Problem description
Return all of the data exactly, with nothing left out but the pictures.

Data segment

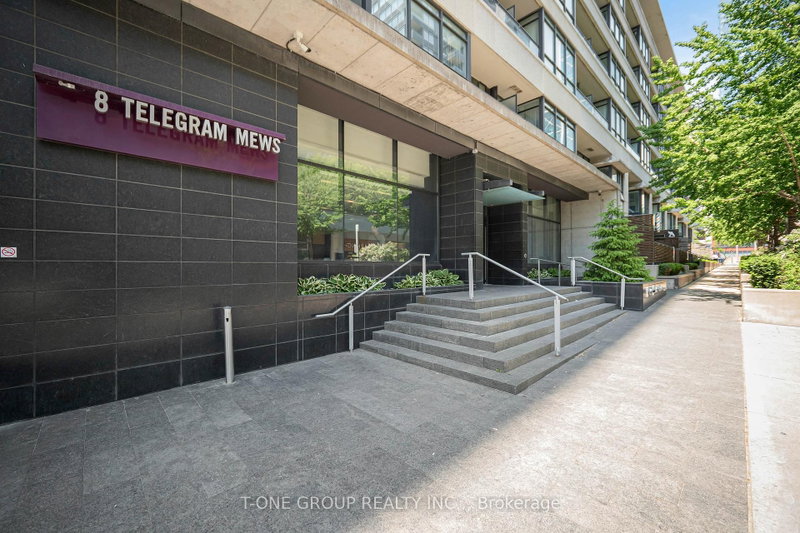 829 - 8 Telegram Mews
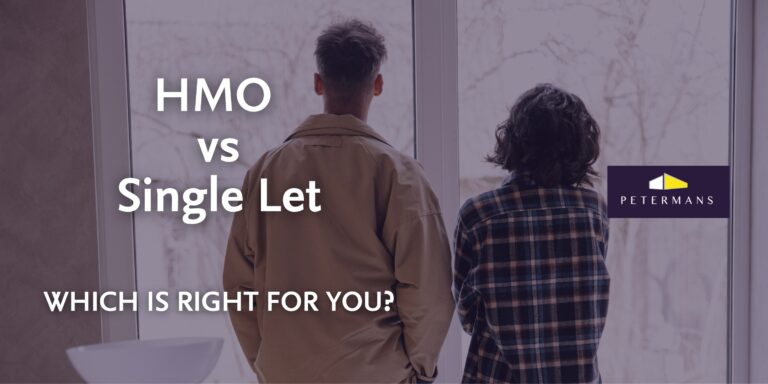 HMO vs Single Let: Which Is Right for You?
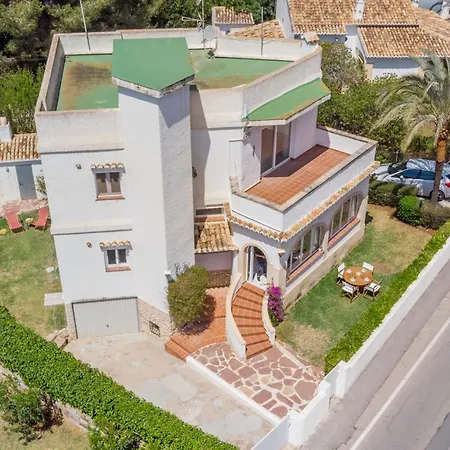 Apartment Independiente A 50 Metros De Cala Blanca Javea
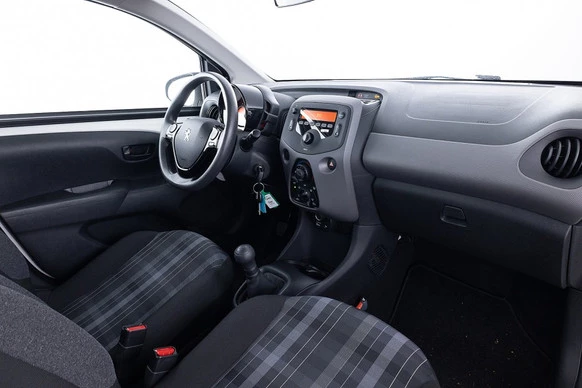 Peugeot 108 - Afbeelding 4 van 21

Written solution
 829 - 8 Telegram Mews
 HMO vs Single Let: Which Is Right for You?
 Apartment Independiente A 50 Metros De Cala Blanca Javea
 Peugeot 108 - Afbeelding 4 van 21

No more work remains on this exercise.